BRIEF:
Pictures in the data must not be copied, but everything else should be output exactly.

RECORDED DATA:
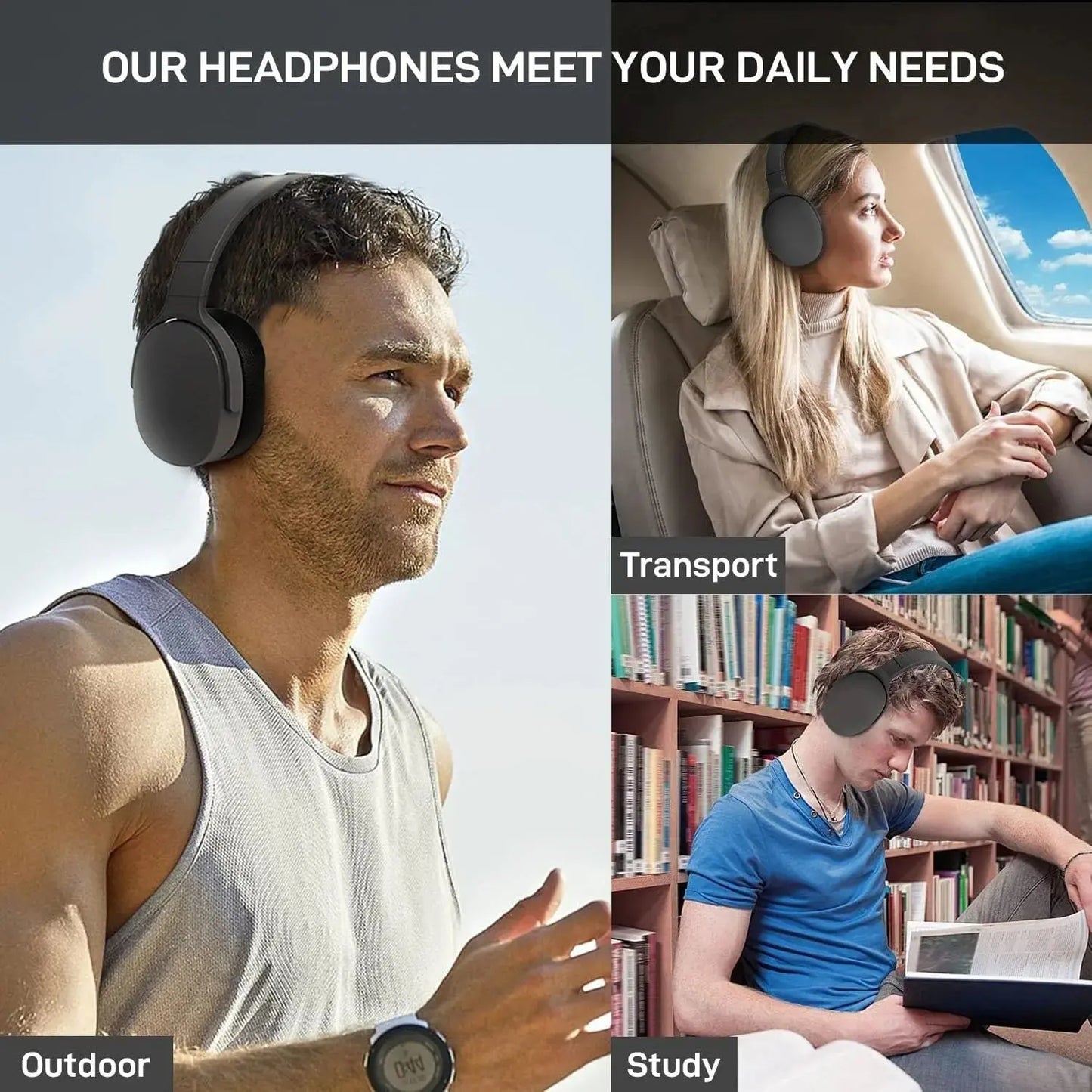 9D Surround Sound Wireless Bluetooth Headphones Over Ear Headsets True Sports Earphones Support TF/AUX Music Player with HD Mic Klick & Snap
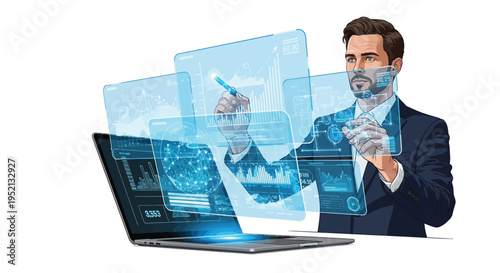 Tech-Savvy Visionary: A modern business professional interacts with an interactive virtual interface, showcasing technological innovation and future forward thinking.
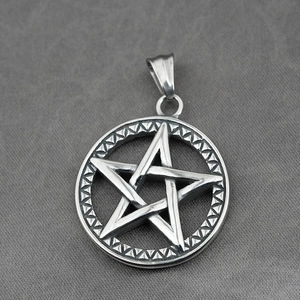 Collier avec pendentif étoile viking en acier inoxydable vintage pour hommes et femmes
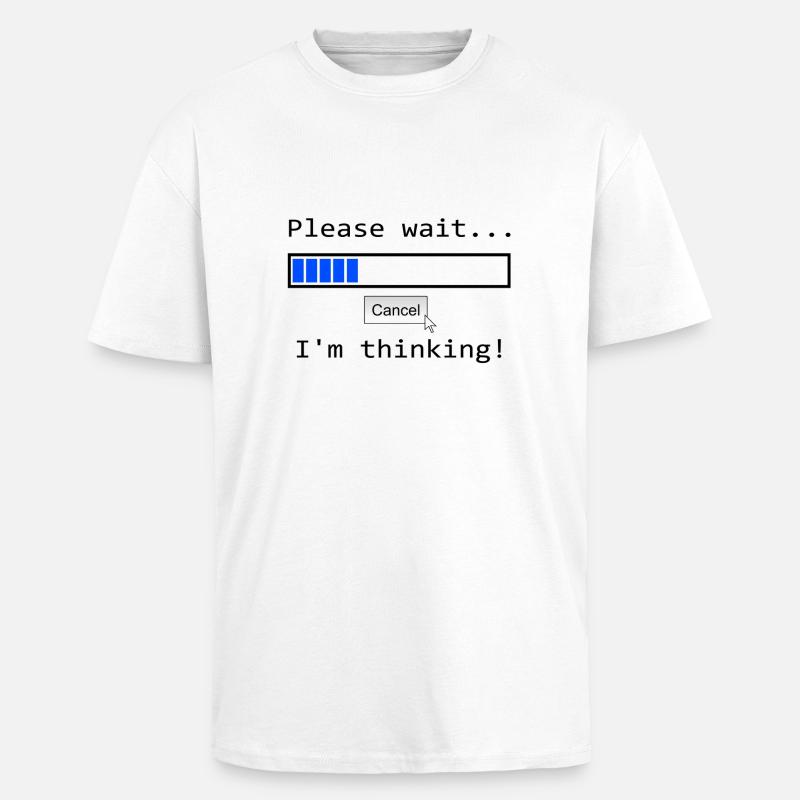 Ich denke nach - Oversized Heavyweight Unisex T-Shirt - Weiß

THE COMPLETED TASK:
 9D Surround Sound Wireless Bluetooth Headphones Over Ear Headsets True Sports Earphones Support TF/AUX Music Player with HD Mic Klick & Snap
 Tech-Savvy Visionary: A modern business professional interacts with an interactive virtual interface, showcasing technological innovation and future forward thinking.
 Collier avec pendentif étoile viking en acier inoxydable vintage pour hommes et femmes
 Ich denke nach - Oversized Heavyweight Unisex T-Shirt - Weiß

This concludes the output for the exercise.